== SUPPLIED ENTRIES ==

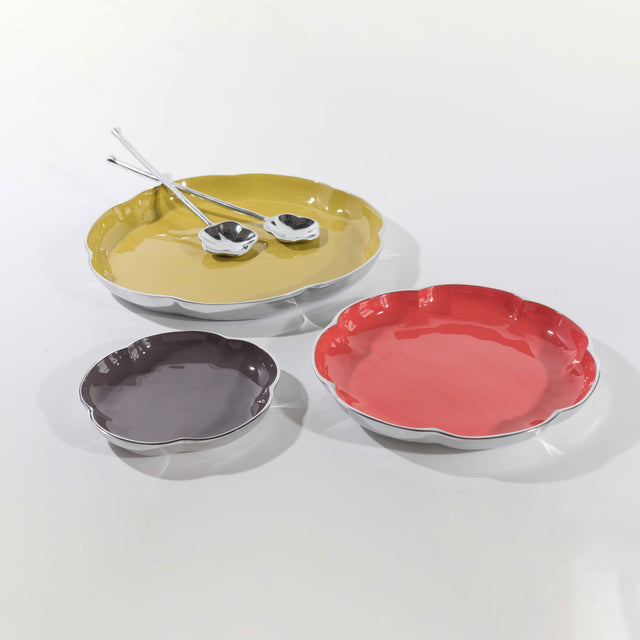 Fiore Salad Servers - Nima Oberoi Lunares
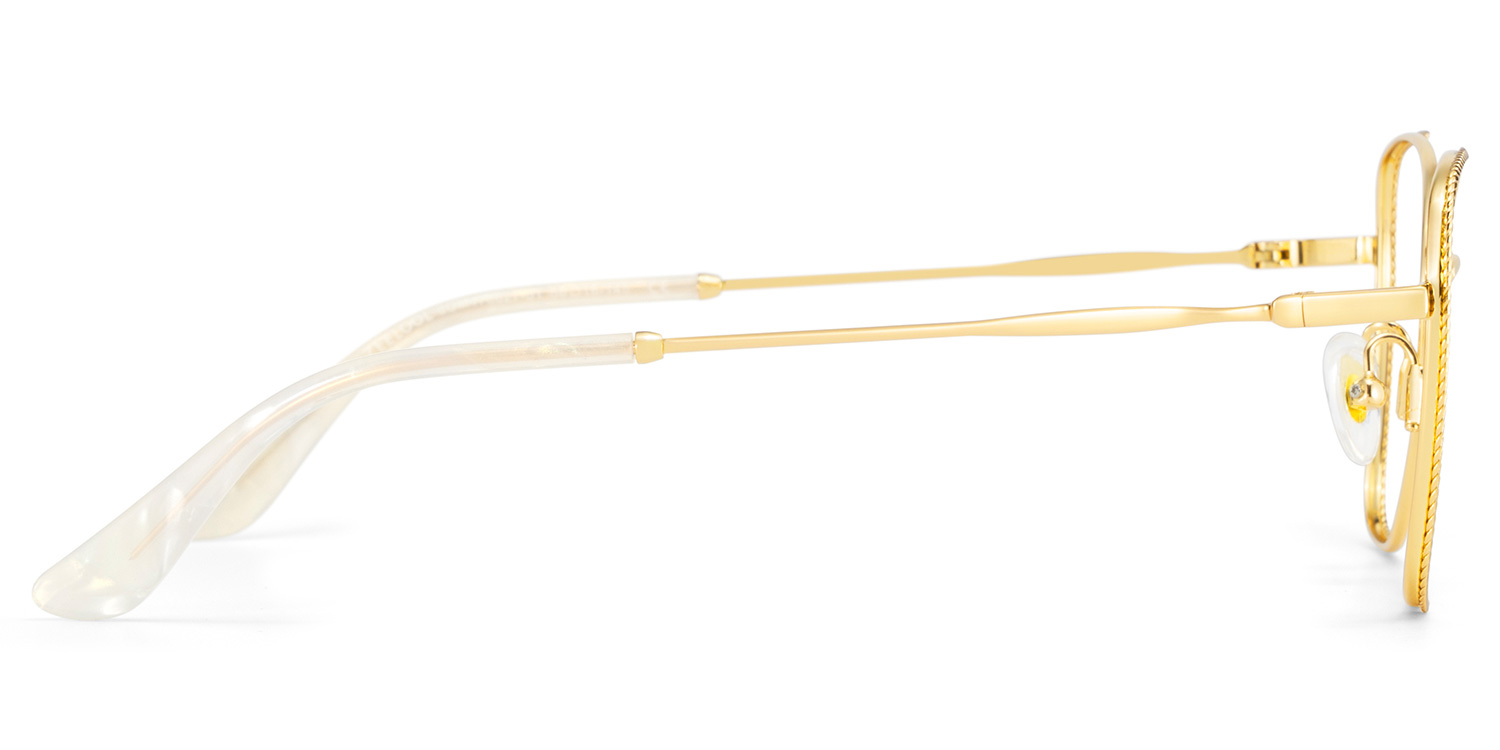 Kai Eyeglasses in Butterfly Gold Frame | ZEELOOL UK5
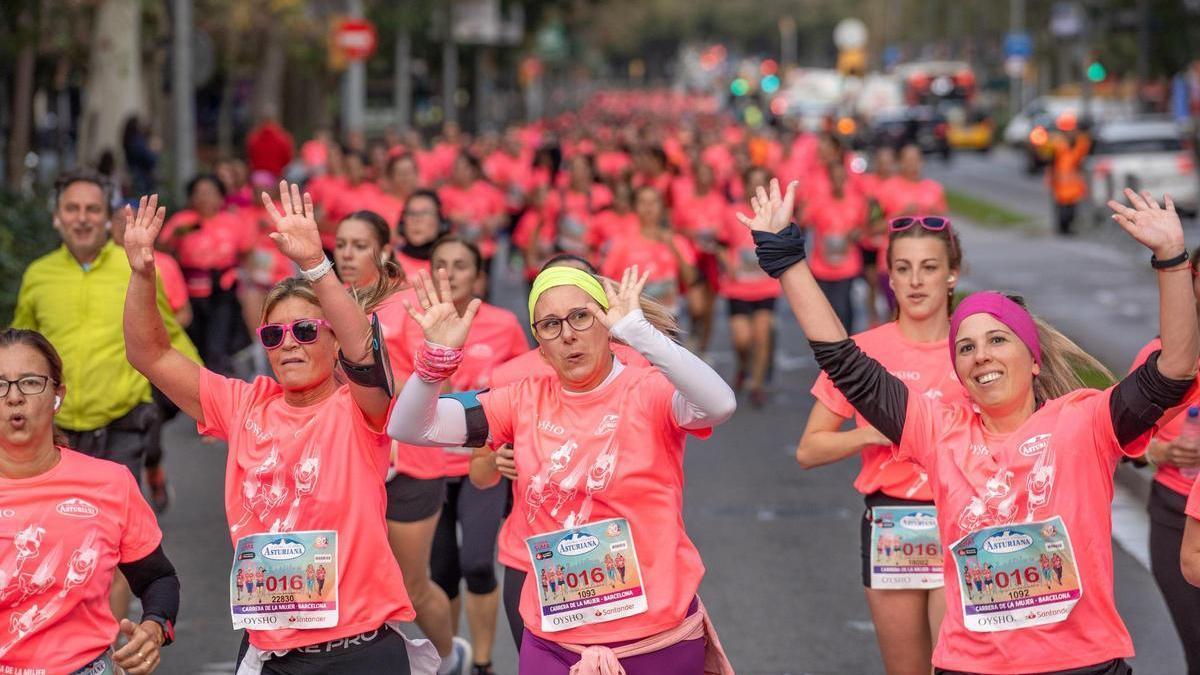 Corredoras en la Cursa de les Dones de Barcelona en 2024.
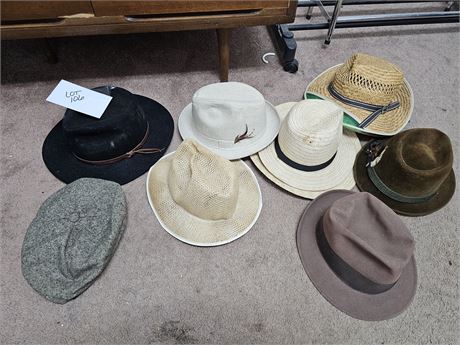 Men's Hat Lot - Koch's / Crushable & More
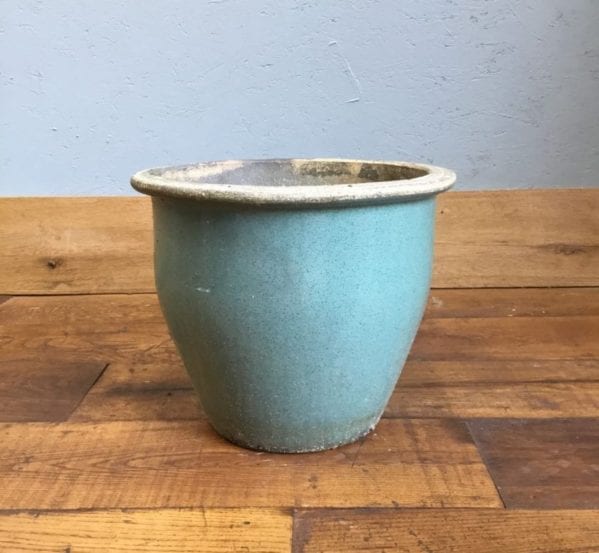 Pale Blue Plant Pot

===

◆ YOUR OBJECTIVE ◆
Retype only the lines from the line with "Kai Eyeglasses in Butterfly Gold Frame" through the last line of the data. Keep both ends and skip the pictures.

◆ EXERCISE RESULT ◆
 Kai Eyeglasses in Butterfly Gold Frame | ZEELOOL UK5
 Corredoras en la Cursa de les Dones de Barcelona en 2024.
 Men's Hat Lot - Koch's / Crushable & More
 Pale Blue Plant Pot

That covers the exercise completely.